Favorable depuis toujours à une politique réformatrice en Inde (il était membre de la British India Society qui œuvrait dans ce sens) Ludlow dénonce la domination britannique sur le sous-continent et pendant la guerre de Sécession, il prend passionnément partie pour les Nordistes. Continuant de défendre ses idées par la parole et par la plume, il publie de multiples brochures, ouvrages et articles et, de 1875 à 1891, il assume le secrétariat général des sociétés mutuelles d’entraide auxquelles il rend de grands services.
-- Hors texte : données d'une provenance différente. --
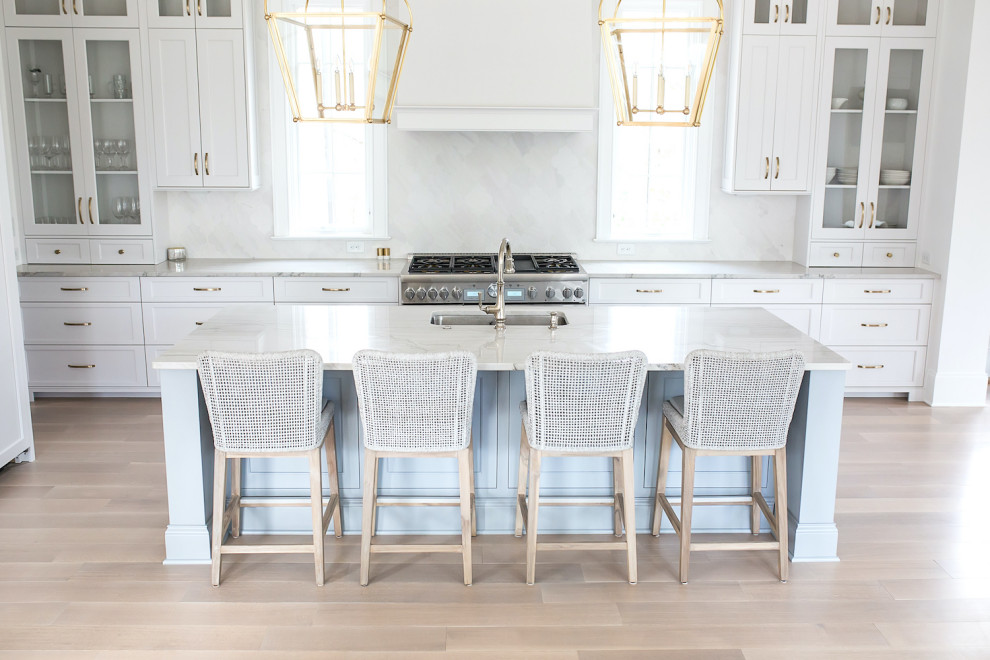 Стильный дизайн: кухня в современном стиле с светлым паркетным полом и белым полом - последний тренд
Ludlow avait été fortement marqué par son éducation française dont il avait retiré une clarté d’esprit et un sens aigu de l’engagement dans les affaires publiques qui le différenciaient des autres socialistes chrétiens. Il s’était marié à quarante-huit ans avec sa cousine Maria Forbes et le couple n’eut pas d’enfant. De petite taille et de caractère réservé, Ludlow répugnait à se mettre en avant. Pourtant il a exercé une influence considérable sur ses contemporains libéraux ; récemment il s’est vu restituer par les historiens son rôle d’initiateur.
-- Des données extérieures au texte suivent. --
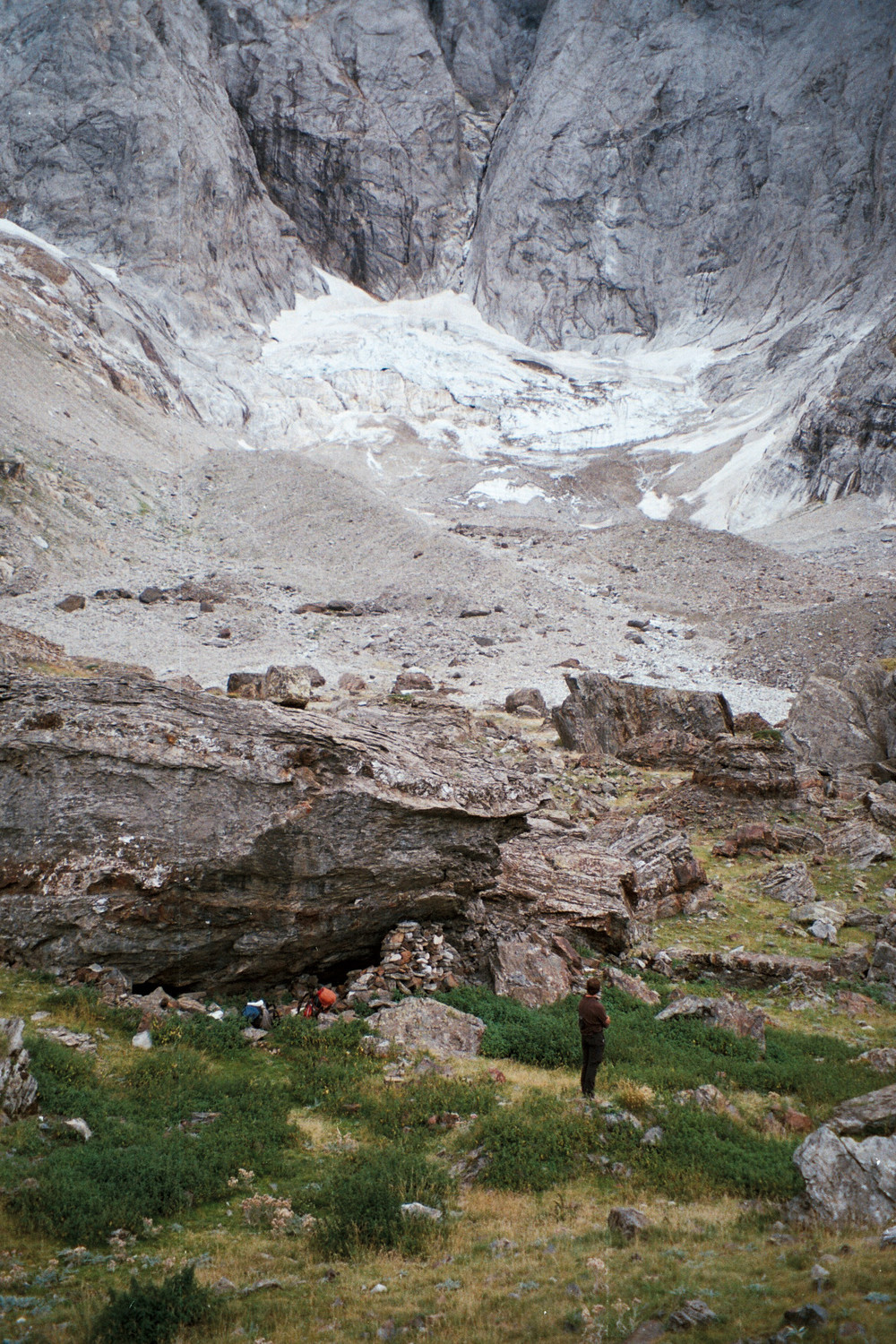 Bivouac (villa Meillon) et glacier des Oulettes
Veuf en 1910, Ludlow meurt l’année suivante à l’âge de quatre-vingt-onze ans.
ŒUVRE : La production littéraire de Ludlow est considérable. On peut citer notamment The Society for Promoting Working Men’s Associations (Société promotrice des associations ouvrières), avec C. Sully, Brochures sur le christianisme social, n° 5, Londres, 1850. — British India, its Races and its History, considered with reference to the Mutinies of 1857, 2 vol., (L’Inde britannique, races, histoire, en liaison avec la Révolte des Cipayes), Cambridge et Londres, 1858. — The Progress of the Working Class 1832-1867 (Promotion de la classe ouvrière), en coll. avec Lloyd Jones, Londres, 1867. — Des précisions sur les articles de Ludlow dans divers périodiques se trouvent dans les deux volumes du Wellesley Index to Victorian Periodicals, 1824-1900, W.E. Houghton éd., Toronto, 1966 et 1972. — John Ludlow : The Autobiography of a Christian Socialist, introduction et édition de A.D. Murray, Londres, 1981.
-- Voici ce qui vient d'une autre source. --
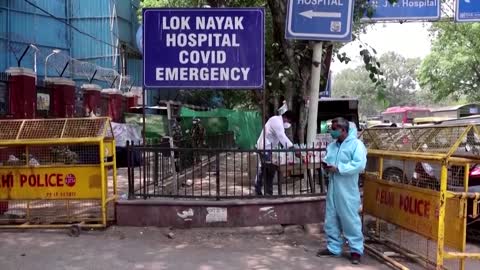 Rickshaws used as ambulances in COVID-stricken India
BIBLIOGRAPHIE : CE. Raven, Christian Socialism 1848-1854, Londres, 1920. — J. Saville, « The Christian Socialists of 1848 », Democracy and the Labour Movement, J. Saville éd., Londres, 1954. — T. Christensen, Origins and History of Christian Socialism 1848-1854, Aarhus, 1962. — N.C. Masterman, John Malcolm Ludlow : the builder of Christian Socialism, Cambridge, 1963. — P.N. Backstrom, Christian Socialism and Co-operation in Victorian England, Londres, 1974. — Joyce Bellamy, John Saville (éd.), Dictionary of Labour Biography, t. II. — J. Droz (éd.), Histoire générale du socialisme, t. I : des origines à 1875.